Collected data ▸
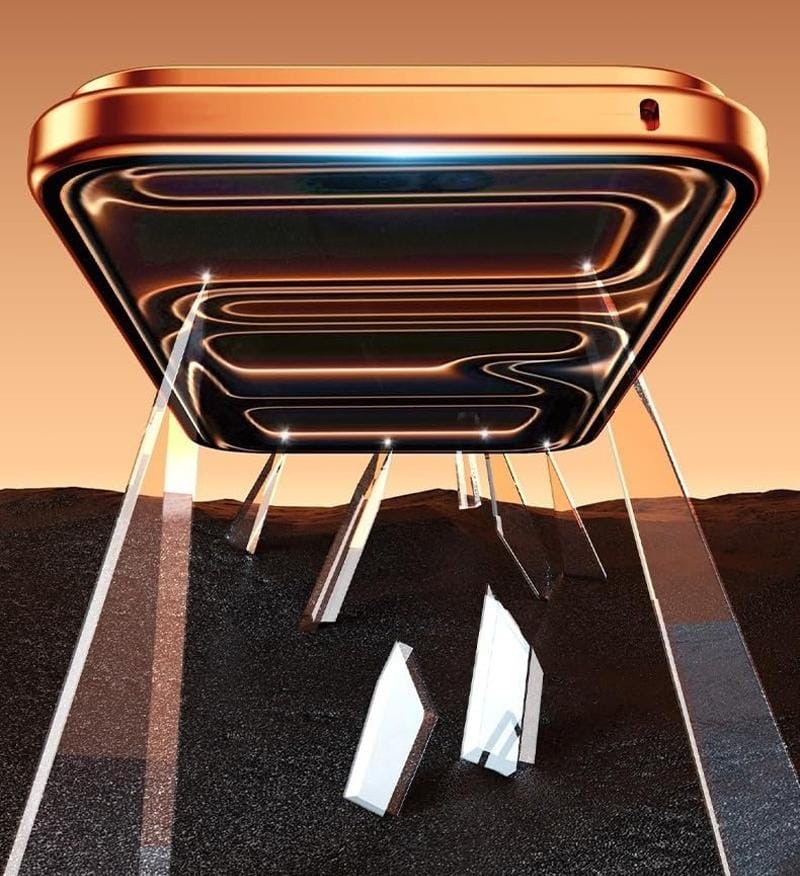 360 magnetic transparent case for iPhone 17 Pro Max(Orange)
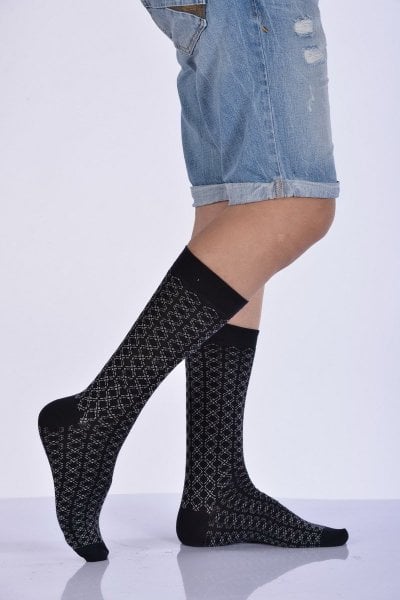 Erkek Desenli Bambu Soket Çorabı  - Lacivert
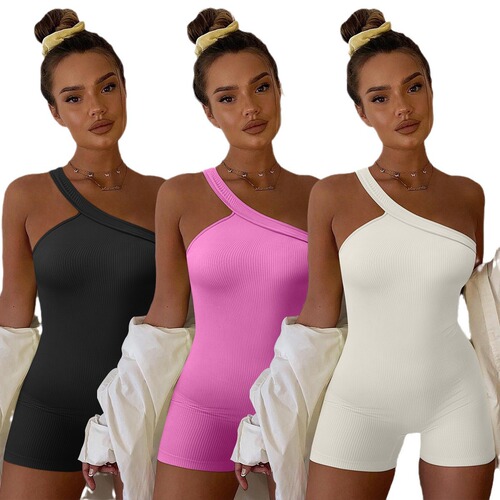 2024 Amazon Summer New Integrated Yoga Leggings, Foreign Trade Fashion Diagonal Shoulder Fitness Sports Clothing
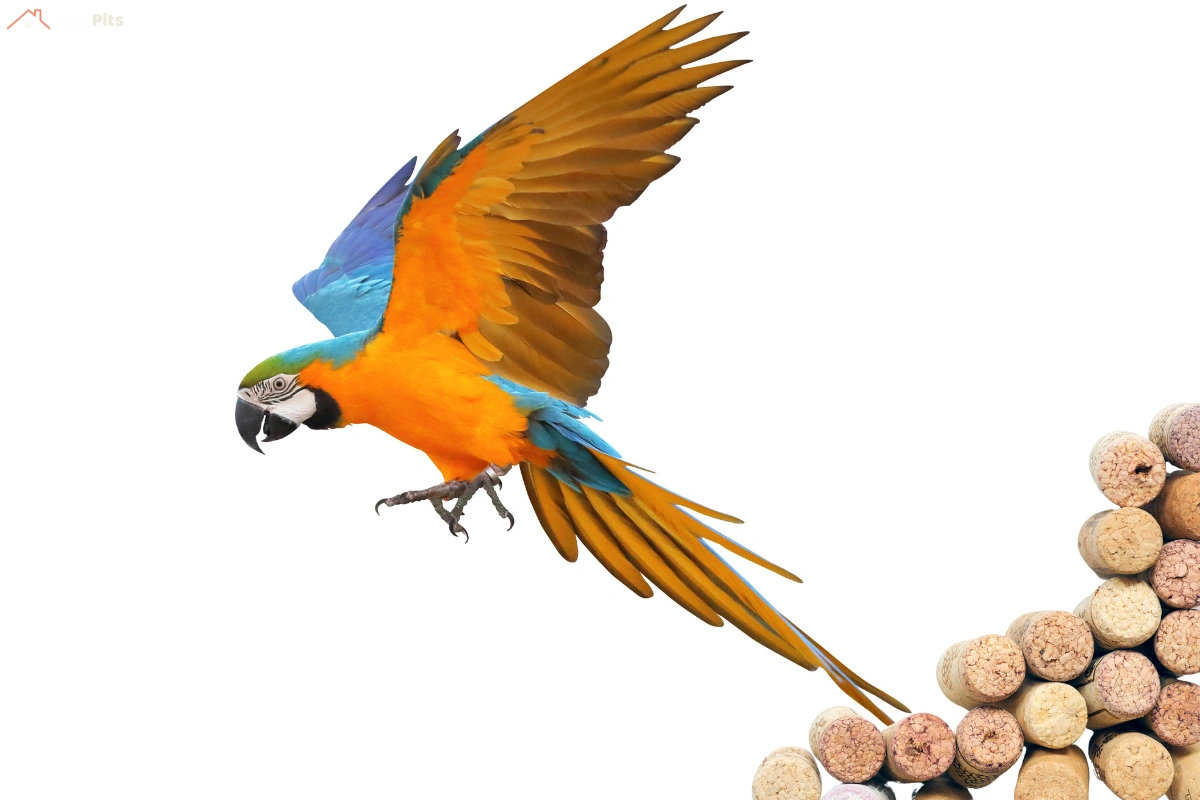 A parrot owner holds a variety of safe bird toys, including balsa wood and sisal rope.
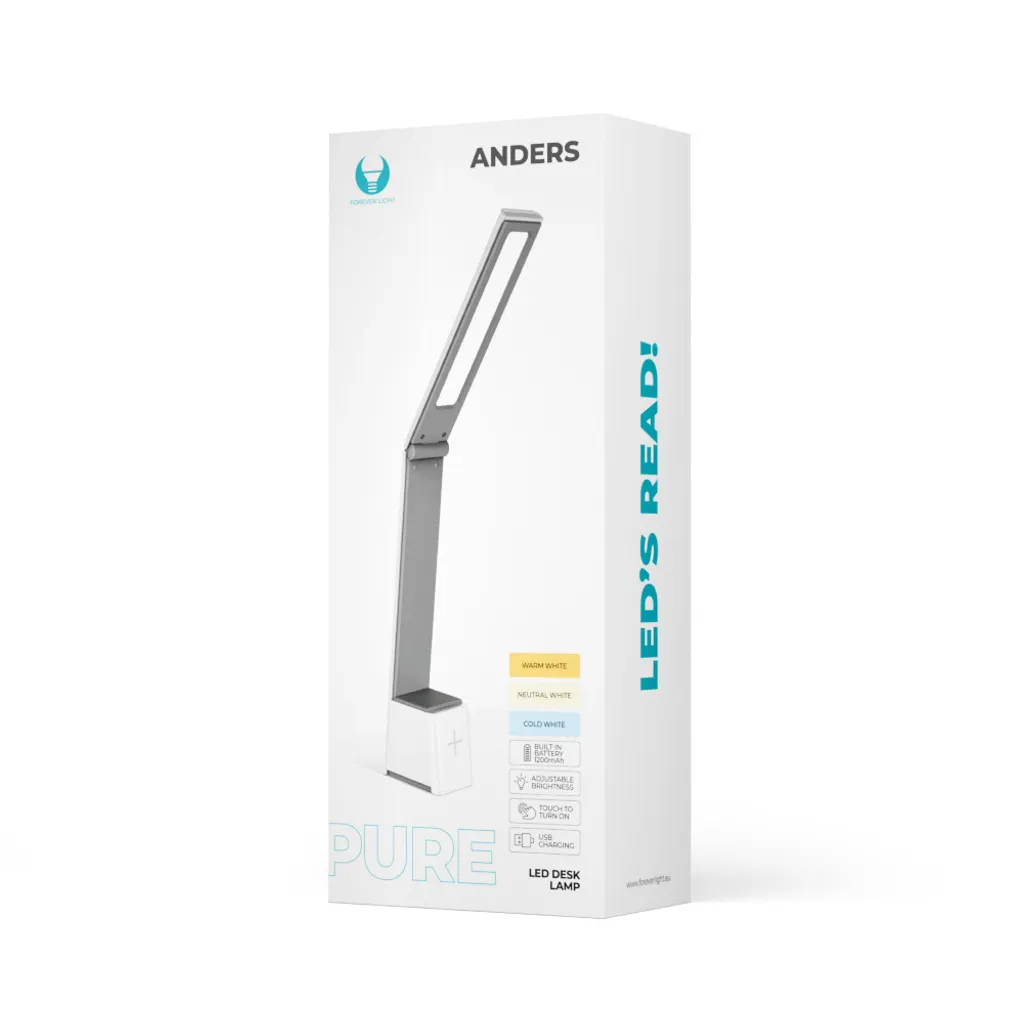 Forever Light Lampe de bureau pliable 5W LED avec intensité variable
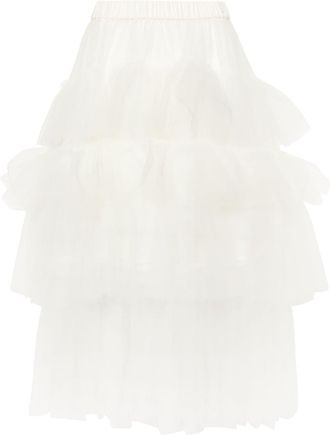 Simone Rocha tulle midi skirt - women - Acetate/Polyamide/Silk/Acetate/Cupro/Nylon - 14 - White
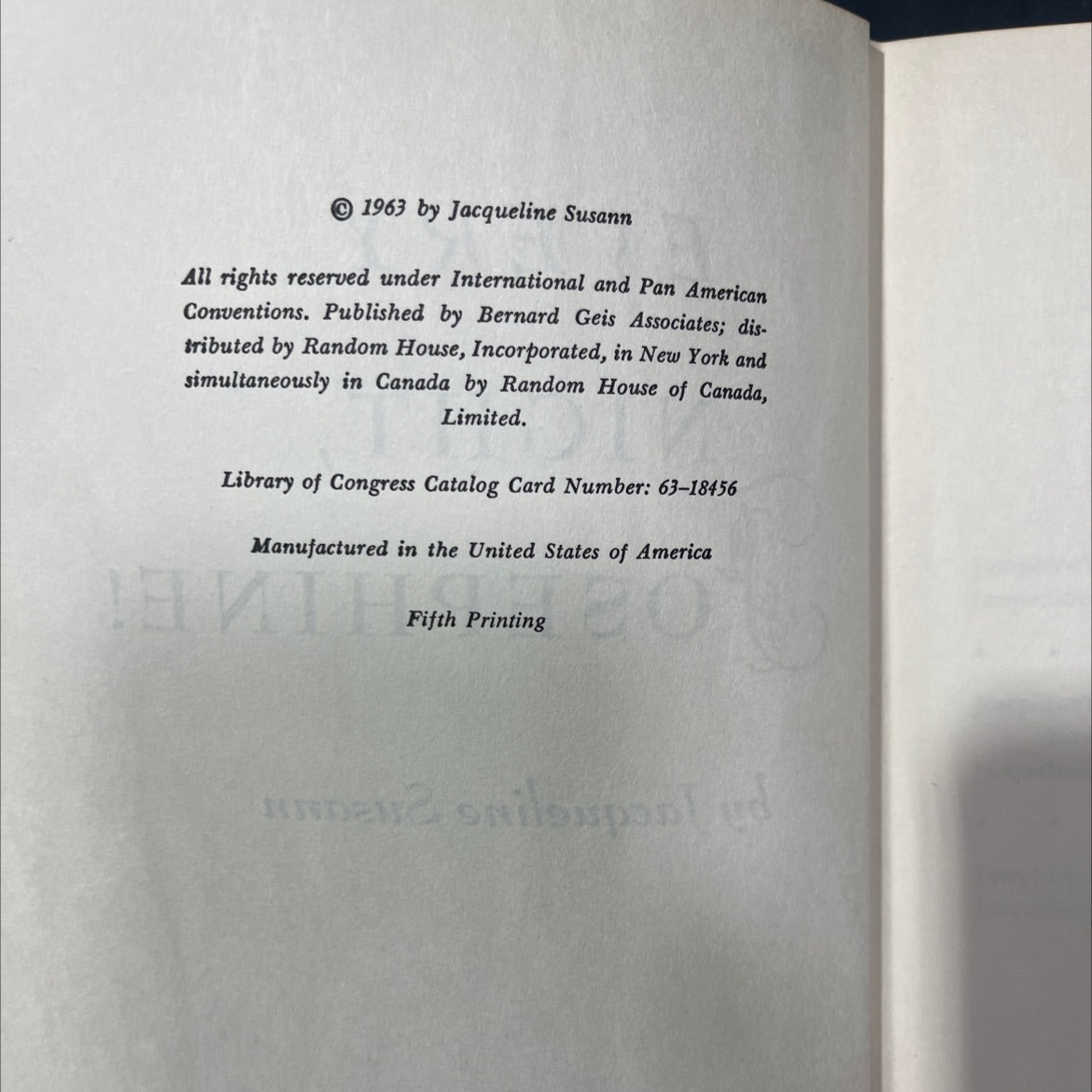 every night, jose osepine! book, by Jacqueline Susann, 1963 Hardcover image 3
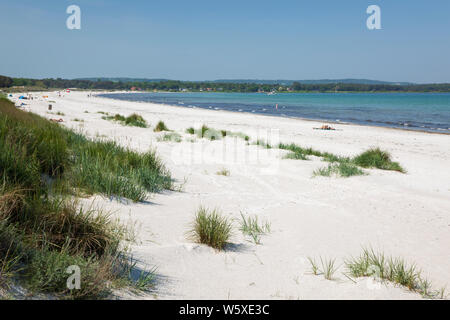 Weißer Sand und Dünen von Balka Strand an der Südküste der Insel, Balka, Bornholm, Insel, Ostsee, Dänemark, Europa Stockfoto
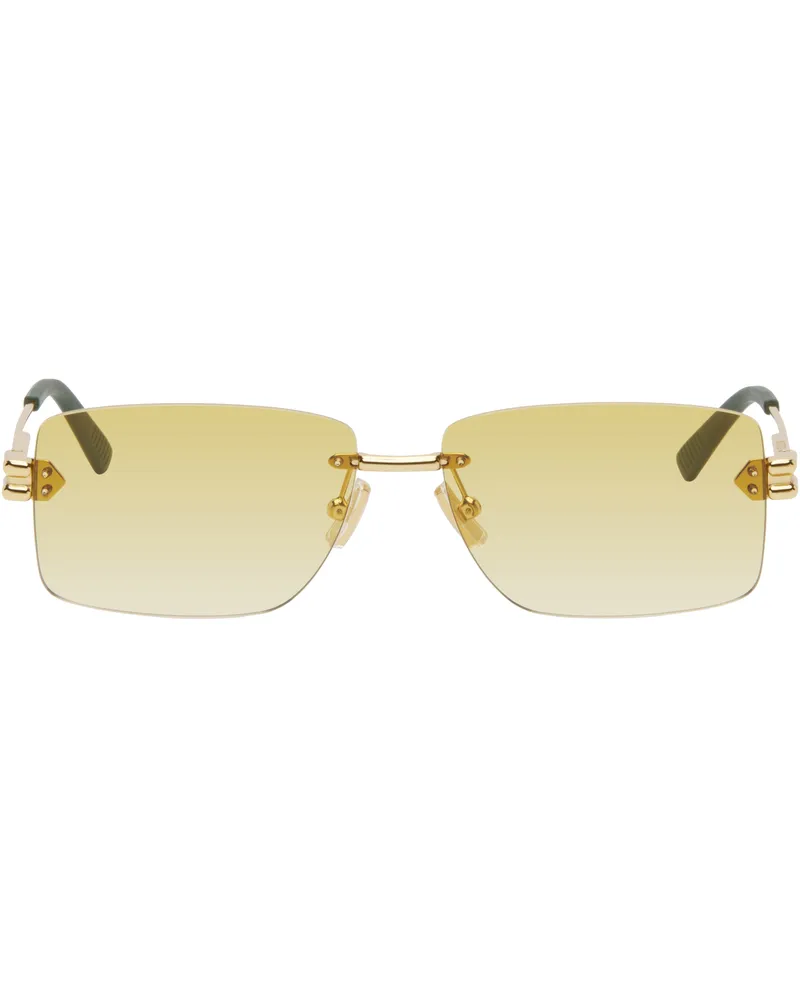Bottega Veneta Gold Lock Rectangular Sunglasses 006
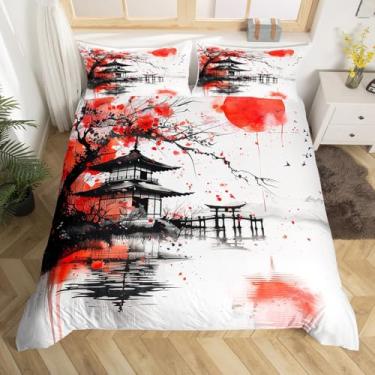 Imagem de jejeloiu Jogo de cama de anime japonês, tamanho Queen, japonês, flor de cerejeira, floral, capa de edredom para meninos e meninas, capa de edredom de microfibra macia e leve, sem enchimento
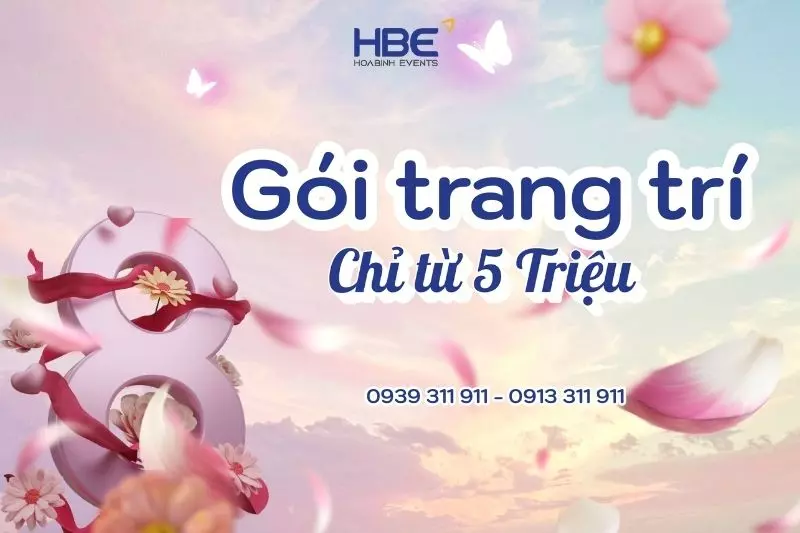 HoaBinh Events ưu đãi gói trang trí 8/3 chỉ từ 5 triệu đồng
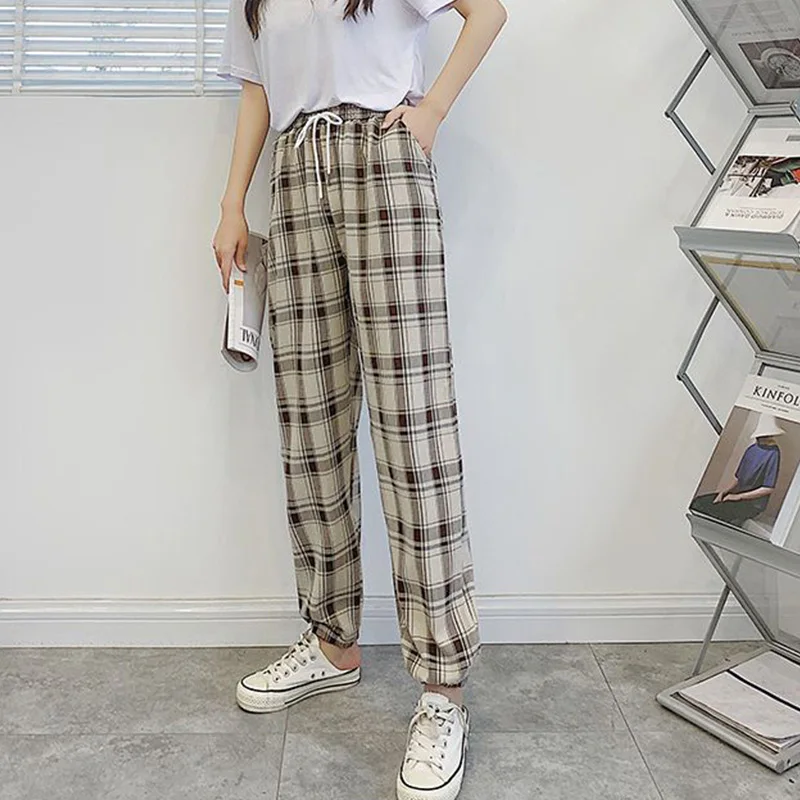 Fashion Color Blocking Plaid Print Jogger Pants Spring Autumn Bandage Pockets Higt Waist Loose Harem Nine Points Trousers Female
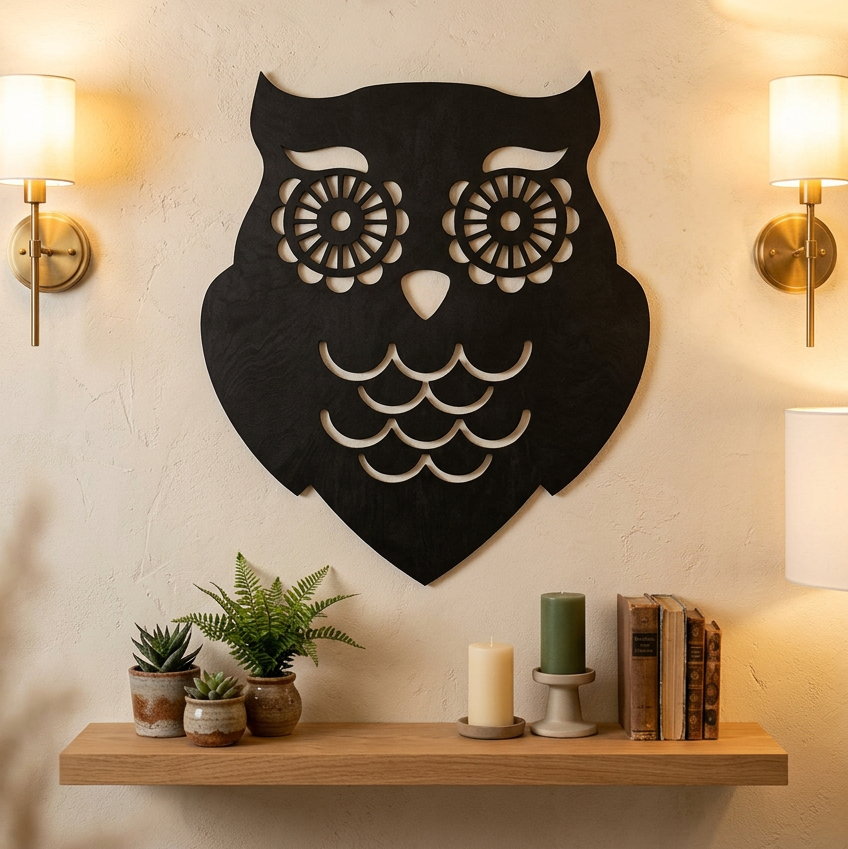 Black wooden owl wall art with white cutout details, shown against a plain white background.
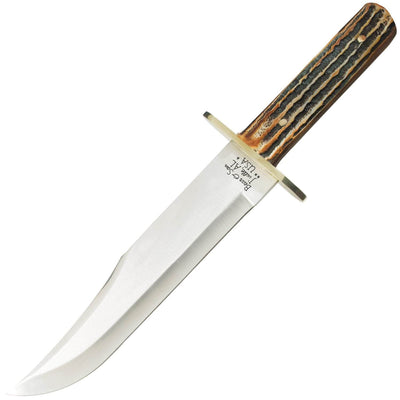 Bear & Son American Bowie, 9" Blade, Genuine India Stag Handle - 502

Work item ▸ Could you reproduce exactly, and only, the lines from the one containing "every night, jose" through the end of the records above, both included, while leaving out the pictures?

Expected answer ▸
 every night, jose osepine! book, by Jacqueline Susann, 1963 Hardcover image 3
 Weißer Sand und Dünen von Balka Strand an der Südküste der Insel, Balka, Bornholm, Insel, Ostsee, Dänemark, Europa Stockfoto
Bottega Veneta Gold Lock Rectangular Sunglasses 006
 Imagem de jejeloiu Jogo de cama de anime japonês, tamanho Queen, japonês, flor de cerejeira, floral, capa de edredom para meninos e meninas, capa de edredom de microfibra macia e leve, sem enchimento
 HoaBinh Events ưu đãi gói trang trí 8/3 chỉ từ 5 triệu đồng
 Fashion Color Blocking Plaid Print Jogger Pants Spring Autumn Bandage Pockets Higt Waist Loose Harem Nine Points Trousers Female
 Black wooden owl wall art with white cutout details, shown against a plain white background.
 Bear & Son American Bowie, 9" Blade, Genuine India Stag Handle - 502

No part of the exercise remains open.